MWAA Dependencies

Prerequisites

You’ll need the following before you can complete the steps on this page.

  • Permissions — Your AWS account must have been granted access by your administrator to the AmazonMWAAFullConsoleAccess access control policy for your environment. In addition, your Amazon MWAA environment must be permitted by your execution role to access the AWS resources used by your environment.

  • Access — If you require access to public repositories to install dependencies directly on the web server, your environment must be configured with public network web server access.
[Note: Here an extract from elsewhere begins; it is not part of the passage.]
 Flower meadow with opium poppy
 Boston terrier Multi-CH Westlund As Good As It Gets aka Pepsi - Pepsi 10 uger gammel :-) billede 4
For more information, see Apache Airflow access modes.

  • Amazon S3 configuration — The Amazon S3 bucket used to store your DAGs, custom plugins in plugins.zip, and Python dependencies in requirements.txt must be configured with Public Access Blocked and Versioning Enabled.

How it works

On Amazon MWAA, you install all Python dependencies by uploading a requirements.txt file to your Amazon S3 bucket, then specifying the version of the file on the Amazon MWAA console each time you update the file. Amazon MWAA runs pip3 install -r requirements.txt to install the Python dependencies on the Apache Airflow scheduler and each of the workers.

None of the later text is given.